Hypertext Navigation, Log Files, User Modeling

Introduction

With the prolific growth of the World-Wide Web (WWW) [Berners-Lee et.al, 1992] in the past year there has been an increased demand for an understanding of the WWW audience. Several studies exist that determine demographics and some behavioral characteristics of WWW users via self-selection [Pitkow and Recker 1994a & 1994b]. Though highly informative, such studies only provide high level trends in Web use (e.g. frequency of Web browser usage to access research reports, weather information, etc). Other areas of audience analysis, such as navigation strategies and interface usage remain unstudied. Thus, the surveys provide estimations of who is using the WWW, but fail to provide detailed information on exactly how the Web is being used. Actual user behavior, as determined from client-side log file analysis, can supplement the understanding of Web users with more concrete data. Log file analysis also yields design and usability guidelines for WWW pages, sites and browsers.

This paper presents the results of a three week study conducted at Georgia Institute of Technology that captured client-side user events of NCSA's XMosaic. Specifically, the paper will first present a review of related hypertext browsing and searching literature and how it's related to the Web, followed by a description of the study's methodology.
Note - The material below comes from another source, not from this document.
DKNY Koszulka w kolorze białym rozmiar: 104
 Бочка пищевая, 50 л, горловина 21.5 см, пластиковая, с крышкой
An analysis of user navigation patterns ensues. Lastly, a discussion and recommendations for document design are presented.

Literature Review

Many studies have addressed user strategies and usability of closed hypermedia systems, databases and library information systems [Caramel et. al., 1992]. Most distinguish between browsing and searching. Cove and Walsh [Cove et. al. 1988] include a third browsing strategy:

  1. Search browsing; directed search; where the goal is known
  2. General purpose browsing; consulting sources that have a high likelihood of items of interest
  3. Serendipitous browsing; purely random

This continuum provides a nice middle ground to distinguish between browsing as a method of completing a task and open ended browsing with no particular goal in mind. Marchionini [Marchionini, 1989] further develops this distinction in designating open and closed tasks. Closed tasks have a specific answer and often integrate subgoals. Open tasks are much more subject oriented and less specific. Browsing can be used as a method of fulfilling either open or closed tasks.
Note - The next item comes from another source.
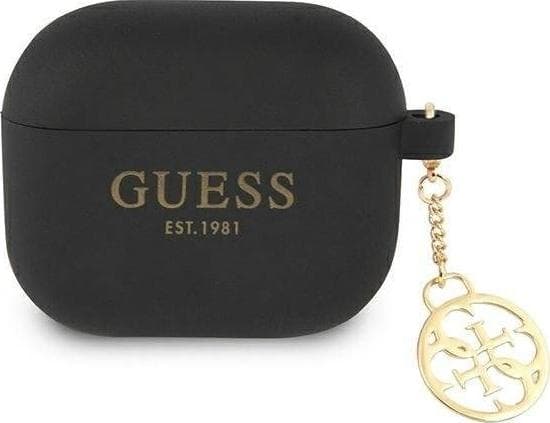 "GUA3LSC4EK 4G Charm Case AirPods 3" Musta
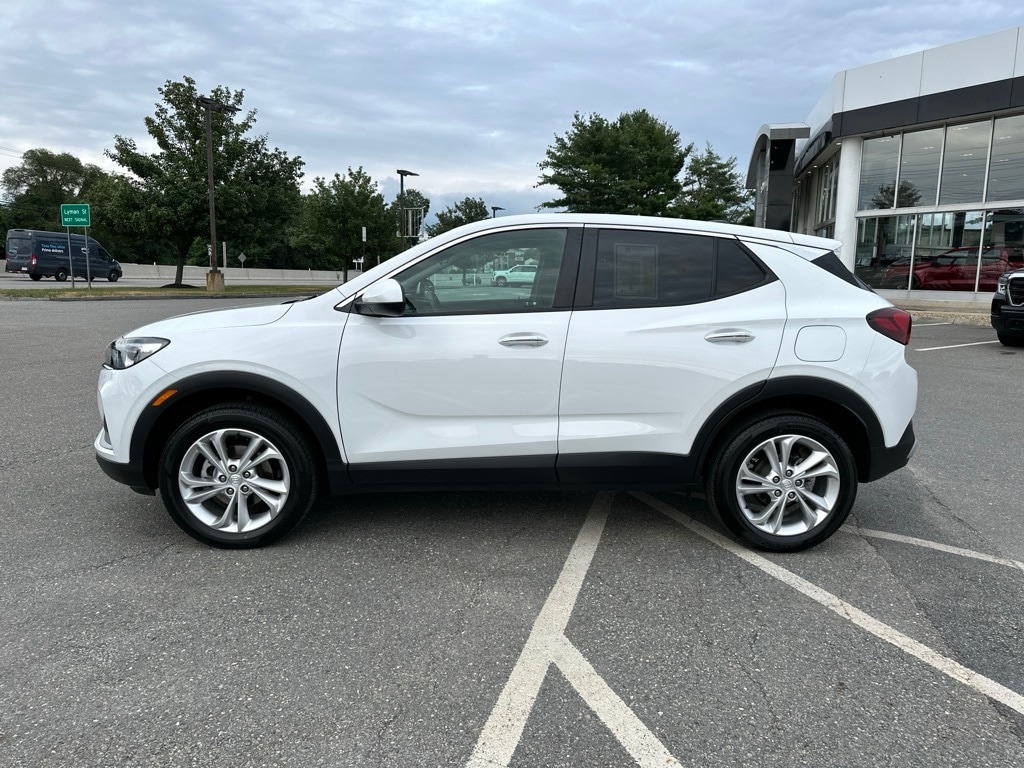 Certified 2022 Buick Encore GX Preferred with VIN KL4MMCSL7NB078585 for sale in Shrewsbury, MA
Intuitively, it would seem that browsing and searching are not mutually exclusive activities. In Bates's [Bates, 1989] work on berrypicking, a user's search strategy is constantly evolving through browsing. Users often move back and forth between strategies. Similarly, Bieber and Wan [Bieber & Wan, 1994] discuss the use of backtracking within a multi-windowed hypertext environment. They introduce the concept of "task-based backtracking," in which a user backtracks to compare information from different sources for the same task or to operate two tasks simultaneously. A similar technique, in a Web environment, would be backtracking to review previously retrieved pages.

All of these studies were performed on closed, single-author systems. The WWW however, is an open, collaborative and exceedingly dynamic hypermedia system. These previous findings provide the basis and structure for the describing the ways a user population behaves in a dynamic information ecology, like the WWW.

Given that we expect to find the same kinds of strategies used in the WWW, supporting both the browser and the searcher in designing WWW pages and servers is necessary, although difficult. Furthermore, supporting the kind of task switching described by Bates and Beiber and Wan adds another level of complexity because the work implies that a user should be able to switch strategies at any time.

It has long been recognized that methods for supporting directed searching are needed. As a response to this, certain WWW servers are completely searchable and there are World-Wide Web search engines available.

Supporting browsing, though, may be a more difficult task. Both Laurel [Laurel, 1991] and Bernstein approach the topic of how to assess and design hypertexts for the browsing user. Laurel considers interactivity to be the primary goal. She defines a continuum for interactivity along three variables: frequency (frequency of choices), range (number of possible choices) and significance (implication of choices). Laurel contends that users will pay the price "often enthusiastically -- in order to gain a kind of lifelikeness, including the possibility of surprise and delight." Bernstein takes a slightly different approach with his "volatile hypertexts" [Bernstein, 1991]. He argues that the value of hypertext lies in its ability to create serendipitous connections between unexpected ideas.

There is a tension between designing for a browser and designing for a searcher. The logical hierarchy of a file structure or a searchable database may work fine for a closed-task, goal oriented user. But a user looking for the unexpected element or a serendipitous connection may be frustrated by the precision required by these methods. The first step in balancing this problem is to determine what strategies are being used by the population. In order to do this, we collected log files of users interacting with the Web.

Methodology

We sought to capture all events generated by consenting Georgia Institute of Technology's College of Computing staff, faculty and student populations who operate NCSA's XMosaic running Sun OS 4.1.3. Towards this end, a version of XMosaic was coded to trap all user interface level events. The computing environment of the study consisted of over 250 Sun OS 4.1.3 machines connected via a 100 Megabit/sec CDDI LAN. To minimize the potential for data loss resulting from network and/or system failures, all captured events were processed and forwarded to a secure disk via the syslog daemon.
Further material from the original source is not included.